The reason for early releases, as in before midnight of the official day of release, is a bit manifold.

  1. Studios know when movies will have huge audiences that want to see the film as early as possible, so they allow for screenings in the evening the day before official release as a way to appease the more hardcore fanbase. These early screenings are sometimes made into big events by theaters to cater specifically to fans of the franchise the film is for. My theater went all out for the final Harry Potter film, with lots of custom decorations, games, events, tons of things.

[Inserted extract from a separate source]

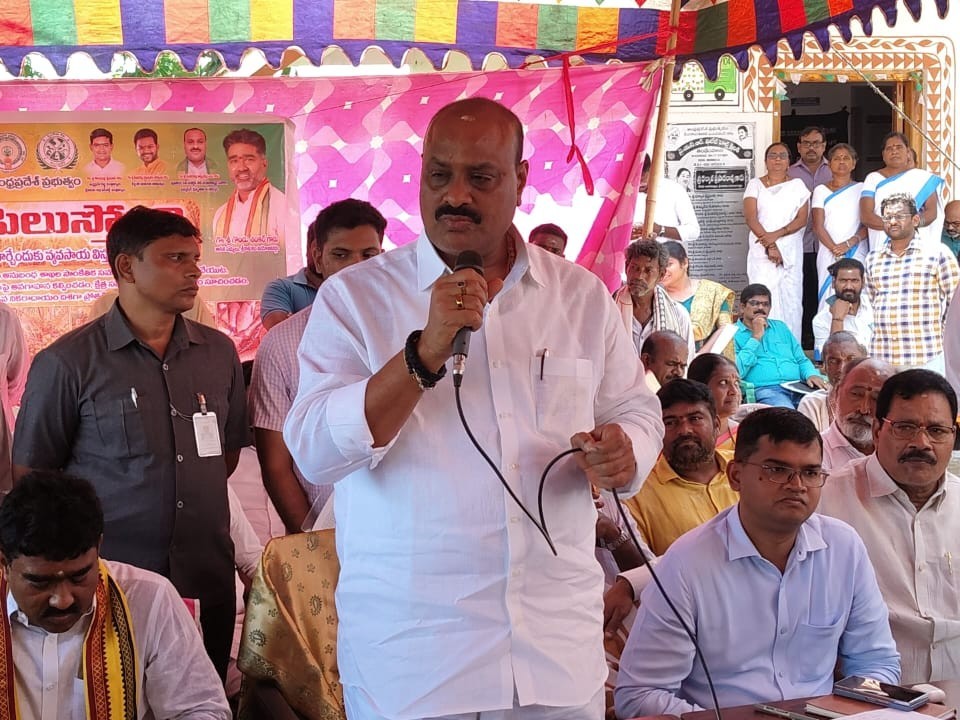 రైతు ప్రయోజనమే ప్రభుత్వ ప్రాధాన్యం: మంత్రి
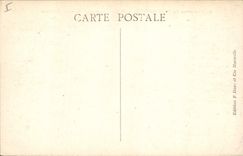 CPA Environs de Montrieux Les Aiguillees de Valbelle Les Remparts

  2. Theaters likely also played a role in allowing for Thursday evening early screenings as opposed to midnight Friday screenings. Simply put, a lot of theater employees tend to be high school students, and US labor laws have very strict rules regarding how many hours these employees may work, as well as how late. Generally anyone age 17 and under can't legally work past 10:30PM in my state, while 18 year olds still in high school can usually only work as late as 12:30AM. This left us needing to find college students who could work that late, or relying more on management to handle things past those hours. Letting theaters hold 8PM screenings, for example, lets them have early showings for dedicated fans while not stretching themselves too thin on staff to accomodate later showings. This is a more recent phenomenon, and the earliest movie I recall Thursday evening screenings occurring was the first Transformers movie back in 2007.

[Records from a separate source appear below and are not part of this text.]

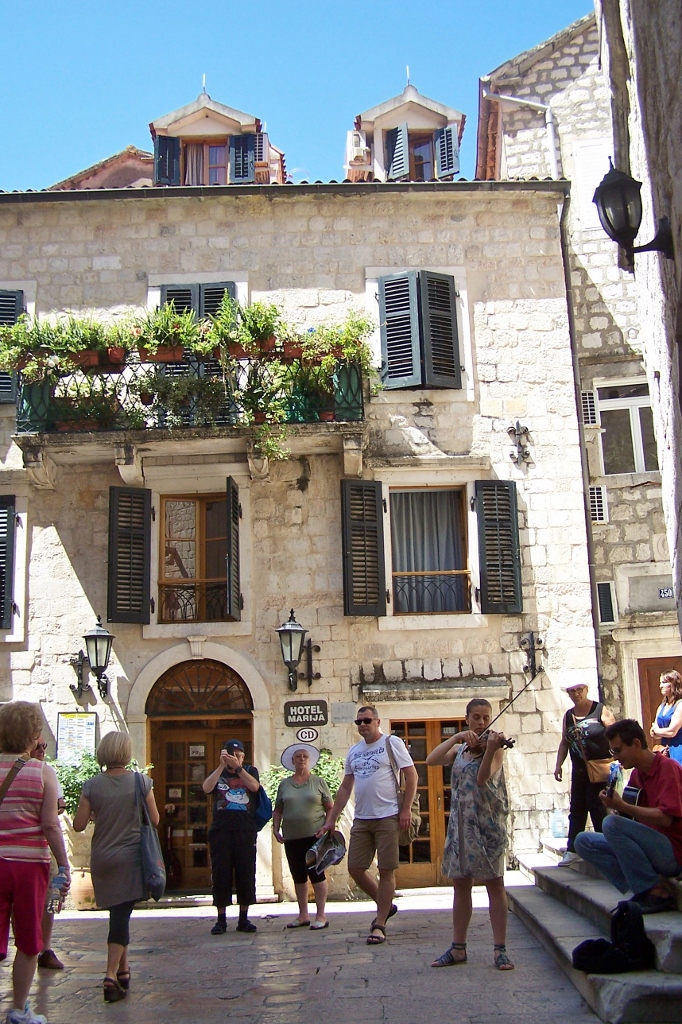 104_9184 (682x1024).jpg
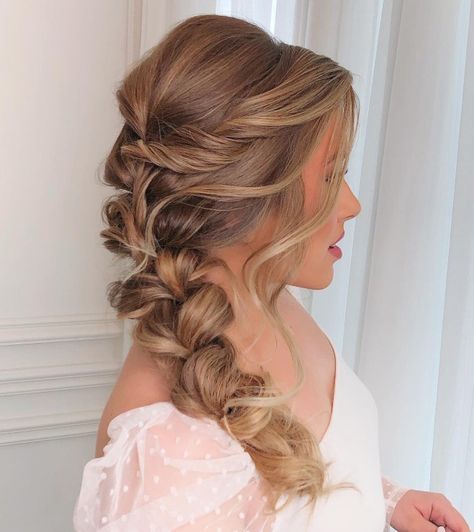 Messy Side Braid for Bridesmaids Side Braid Wedding, Side Braid With Curls, Messy Side Braid, Bridesmaid Hair Side, Loose Side Braids, Messy Braid, Hair For Wedding, Side Curls, Wedding Hair Side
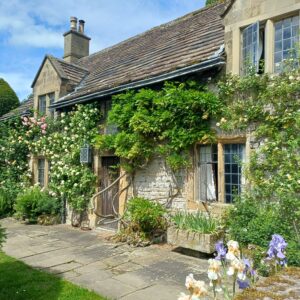 Photograph of the cottage at Haddon Hall, Derbyshire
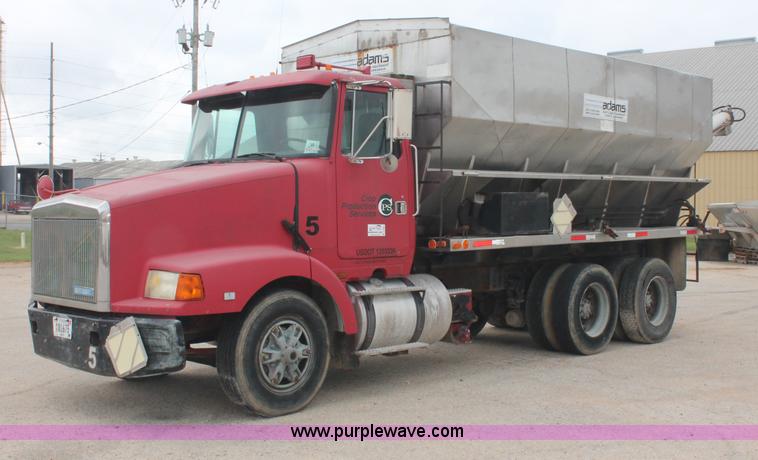 image for item C2681 1991 Volvo White GMC Aero WCA fertilizer tender truck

  • I gave a downvote for some inaccuracies in this answer. First, studios do not generally care how many showtimes a movie gets, so long as it gets as many showtimes as other movies in the theater (or more, in the case of a big release). Second, almost every movie is allowed to be played starting Thursday the night before. In fact, it’s so rare to have one that is limited to Friday that we are told when we cannot show them on Thursday as opposed to when we can. Some of the money and economic aspects of your answer are possibilities but honestly never things I’ve had to worry about.
    – theMayer
    Mar 27, 2018 at 19:35
  • Thursday grosses are rolled into Friday’s numbers from a reporting standpoint. And studios do issue keys saying when you can start and dictating when you are done showing a movie, but they don’t have precise control in between. Our keys always open up 1-2 days before the official release and run to 3am the day following our end of run.
    – theMayer
    Mar 27, 2018 at 19:48
  • @theMayer Keep in mind that I when I wrote this answer, I was basing it on how things were handled in the pre-digital age, from my time as a projectionist from 2007 to 2011, so 6 to 11 years ago. Further, it's possible you work for a different chain than I did, and could be subject to different/more lenient rules. The chain I worked for pales in comparison to the likes of AMC and some others. They're not small, but not huge either.
    – MattD
    Mar 28, 2018 at 2:54
  • I've been in the business for quite some time, and it's never worked as-described. Granted, early premiere shows on Thursday are a relatively new thing, but even midnight show grosses were always reported on the Friday numbers. It's still inaccurate today, so I recommend you update it to be more accurate if you can. Pre-digital, you could show the movie as soon as you put it together, and could keep showing it until you took it apart and shipped it back. Of course, there were legal ramifications of doing so...
    – theMayer
    Mar 28, 2018 at 15:00

The release date for movies varies. Over the last 30 years-most were released on Wednesdays, with official release dates set for Friday. Star Wars movies got a 12:01am showing, with all other movies released here in Missorui/KC area getting a mantinee showtime at 10:05am(Theaters open at 10 or 11 out here). If a movie is actually held til Friday release, the first showing again is at the opening of the theater-10/11am.

To answer your question, it is always the earliest in the day that the movie is released. 12:01 am when they were open the night before, or 10:00 am when they open for the new day.